Как видно, в одну из минут, может быть, нынче, может быть, даже вчера, он уже начинал сомневаться, не давались ни тот, ни другой. И все отчего? Да все оттого, что у него никакого дела не стало, ни большого, ни малого, одна пустота. Какую ни раскрывай, едва ли хоть слово улыбнется тебе. Только и оставалось перебирать и укладывать одну на другую, припоминая историю каждой, то есть иллюзию жизни поддерживать этой подменой доброго дела, и он перебирал, перекладывал, припоминал, позабывши о настоящем и будущем, на полчаса.
Наконец все его книги лежали, прижавшись тесно друг к другу. На прежнем месте, воздев угрюмо листы, негодовала только одна, его в последнее время лучшая, любимая из любимых, которую ставил, не страшась, что кощунство, тотчас после Евангелия.
Николай Васильевич поднял ее, как бы поднял ребенка, зашибшего ногу, и вдруг замерещилось, замнилось ему: она, как ребенок, затрепетала в руках.
Быть может, ей тоже было приятно встретиться с ним.
Черными буквами улыбнулась краткая надпись – дар переводчика, а под надписью росчерк: «Жуковский».
Не удержавшись перед соблазном, он раскрыл наугад, и ладно запели, западая в самую душу, старинные звуки:
Так ей сказав, светлоокова Завесова дочь полетела
Вновь на Олимп, где обитель свою, говорят, основали
Боги, где ветры не дуют, где дождь не шумит хладоносный,
Где не подъемлет метелей зима, где безоблачный воздух
Легкой лазурью разлит и сладчайшим сияньем проникнут.
Там для богов в несказанных утехах все дни пробегают.
Постоял в ожидании, осторожно закрыл и косо, неловко уложил на другие.
Все нынче рушилось на него, все наносило глубокие раны, даже счастливец Гомер болью впивался в изможденную душу.
«Где не поъемлет метелей зима… в несказанных утехах…»
Счастье этого рода лишь для богов, не для смертных, а смертному ветры да дождь да метель, не убережешься от крутой непогоды, ни в какую щель не уйдешь.
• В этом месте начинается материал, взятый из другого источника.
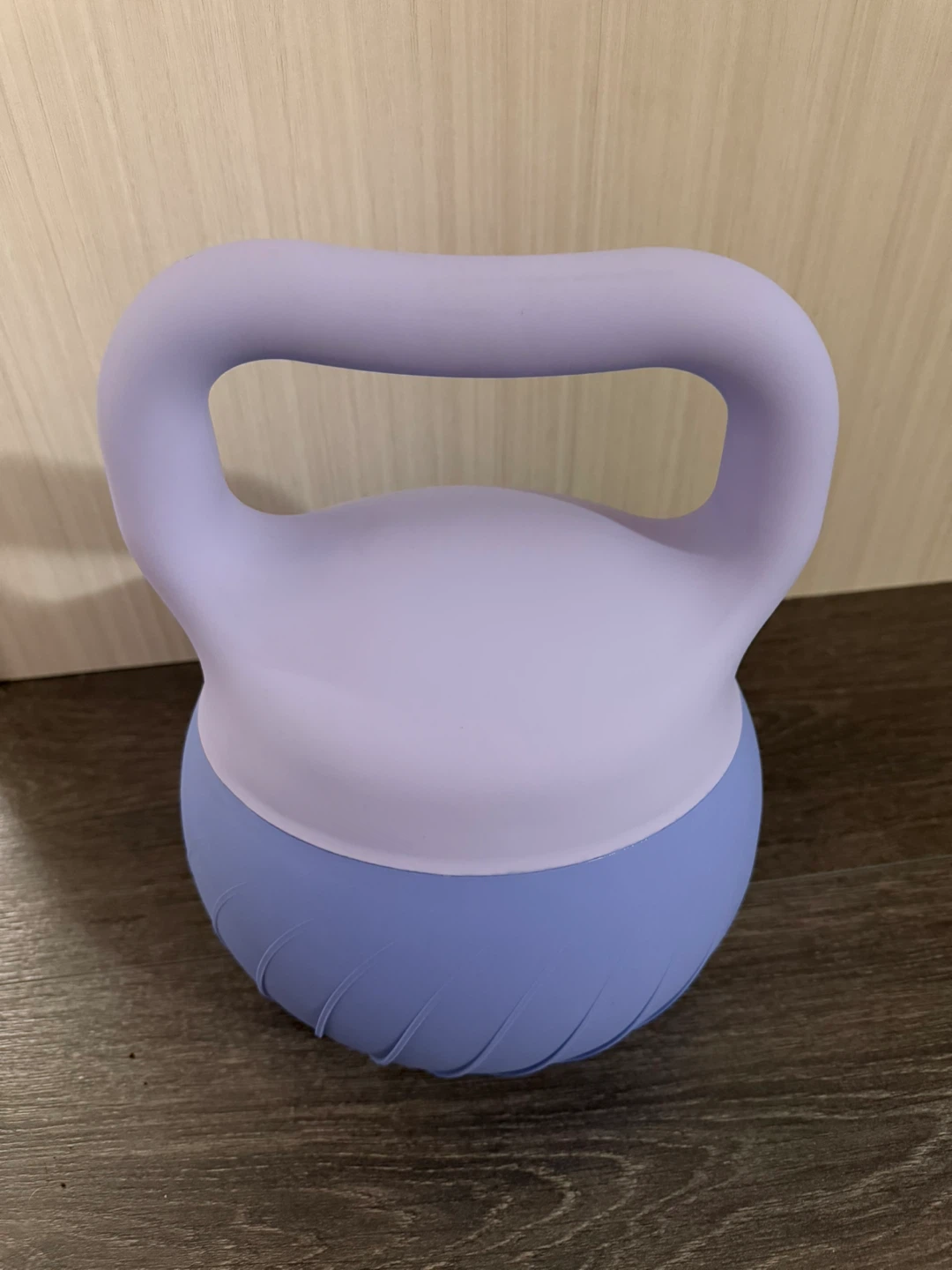 Blue/Purple Kettlebell - 5KG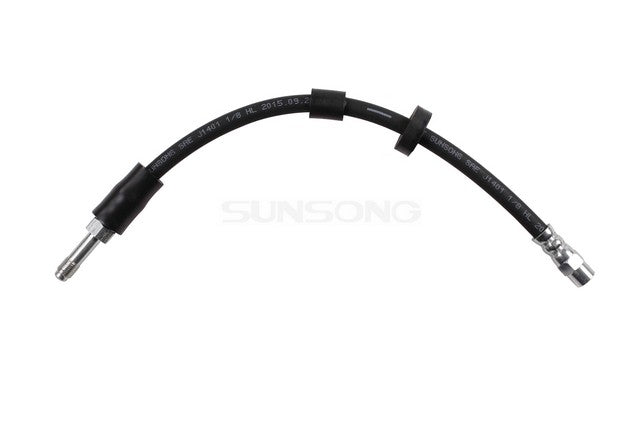Sunsong Brake Hydraulic Hose P/N:2204943 Fits: Volvo S60 07-04, Volvo V70 07-04 - Image 1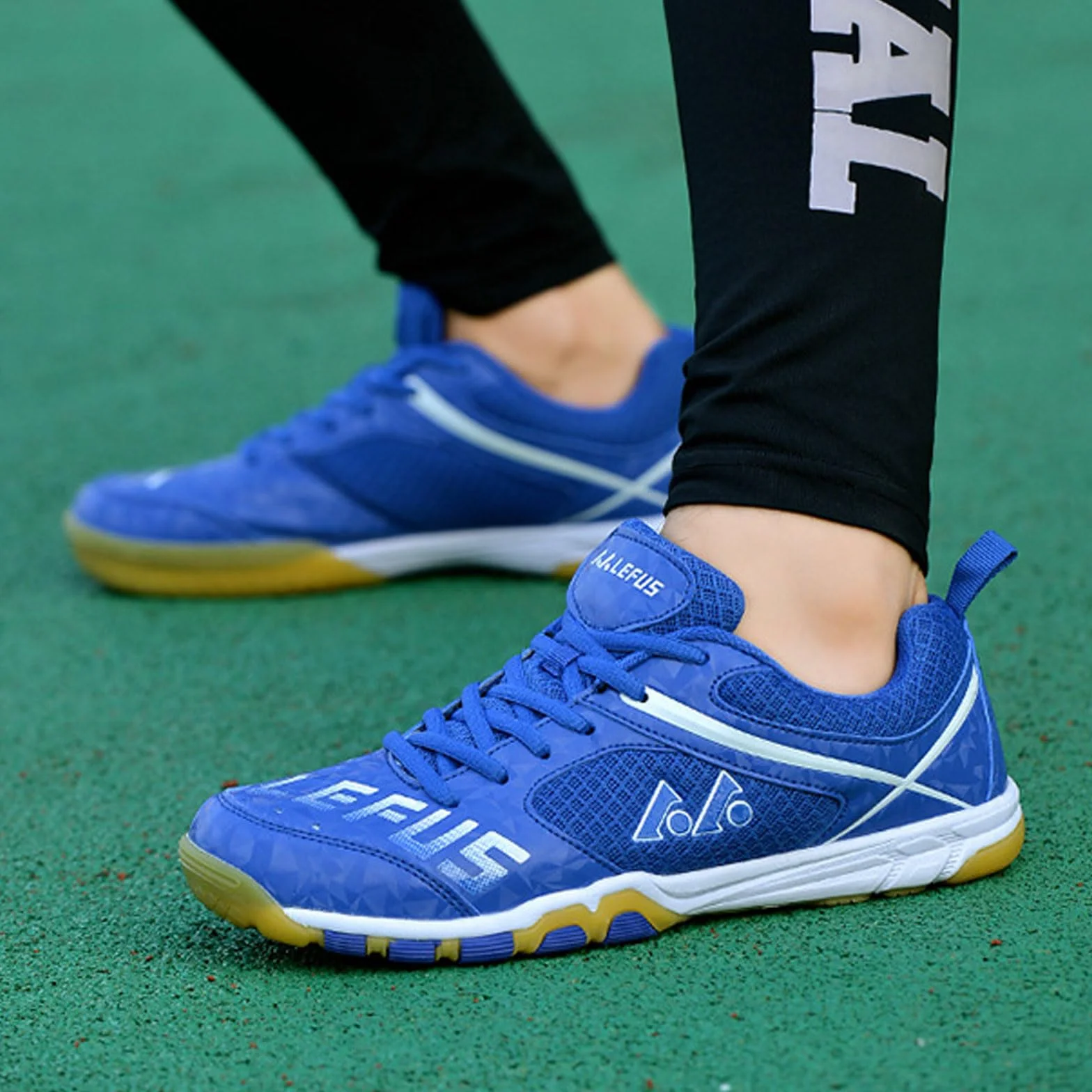 Buty do Badmintona Squash, Antypoślizgowe, Lekkie, Unisex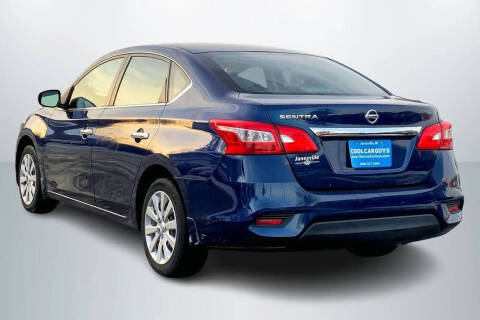 2017 Nissan Sentra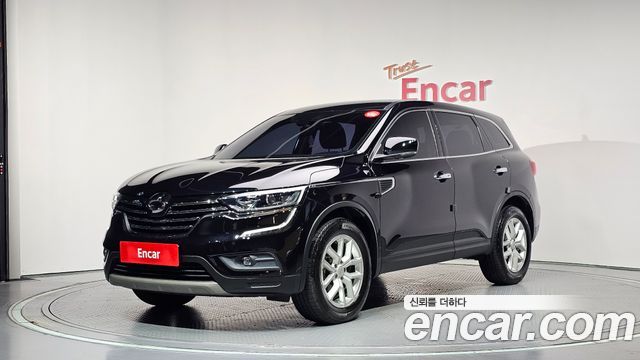 Renault (Samsung) QM6 2018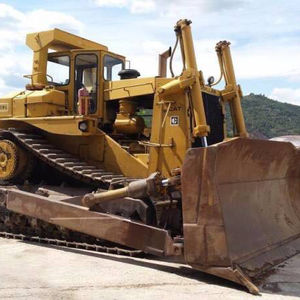 ขายรถปราบดิน CAT D9L มือสอง - Product Image 1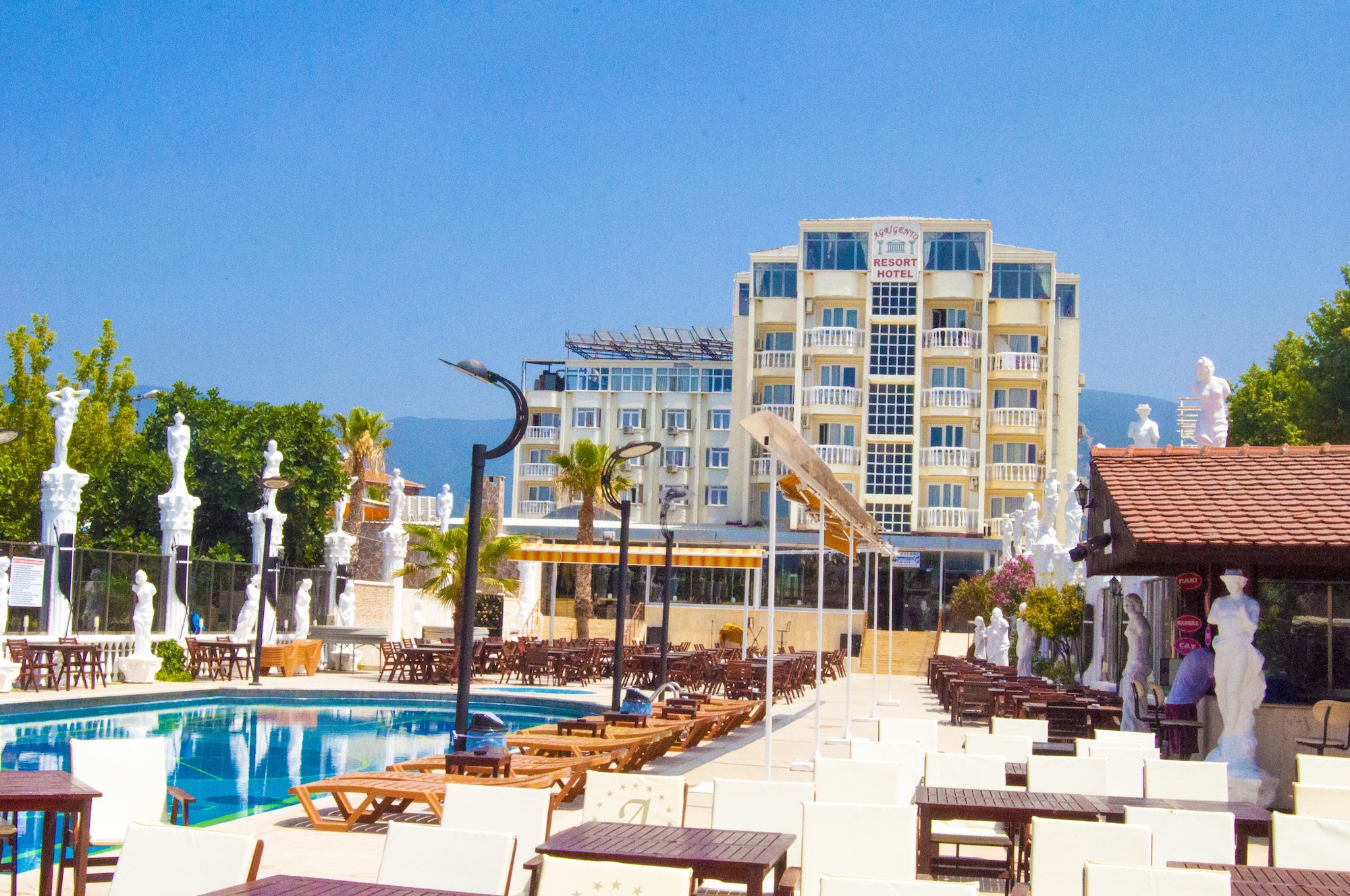 Agrigento Resort Hotel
А потому не стать и Гоголю милым, маленьким старичком, который, оставя перо, забросил бы свой дивный предмет, не избранный еще в свое сочиненье никем, который при свете масляной лампы бесцельно перебирал бы любимые книги и ни о чем святом и возвышенном больше уже никогда не мечтал.
Полно обманываться.
Его закружила, забросав очи снегом, метель, и он заблудившийся, замерзающий путник. Вкруг него ледяная пустыня помертвелых пошлых людей, его соотечественников, в которых каким-то безумием извратилась самая суть человека. Уже влачатся многие хуже зверей. Уже глупая жадность мертвой пылью насеялась в души. Уже самонадеянность и бесстыдство бешеным волком воет в слабых ушах. Уже беспечность и леность привалили многих исполинским сугробом, выше крыши, выше даже трубы. Уже повымерзло и затухло самое помышленье о том, чтобы двинуться в путь, с той же жадностью, с какой нахватывались чины и богатства, схватиться за дело души и сделаться лучше. Уже нет никого, кто бы свой голос возвысил и из снежной пустыни повел за собой.
Как же быть ему с пошлостью пошлых людей? Как не возвысить свой голос? Как не призвать на душевное дело? Как не подвигаться самому к совершенству?
Однако ж все слабей и слабей в душе его теплится творческий огнь, все медлительней, все неприметней продвиженье вперед, все безвыходнее мука и все чаще свертывается помышленье туда, где дождь не шутит хладоносный, где не подъемлет метелей зима, где, может быть, и нет ничего, но, может быть, и нет непереносимых страданий души.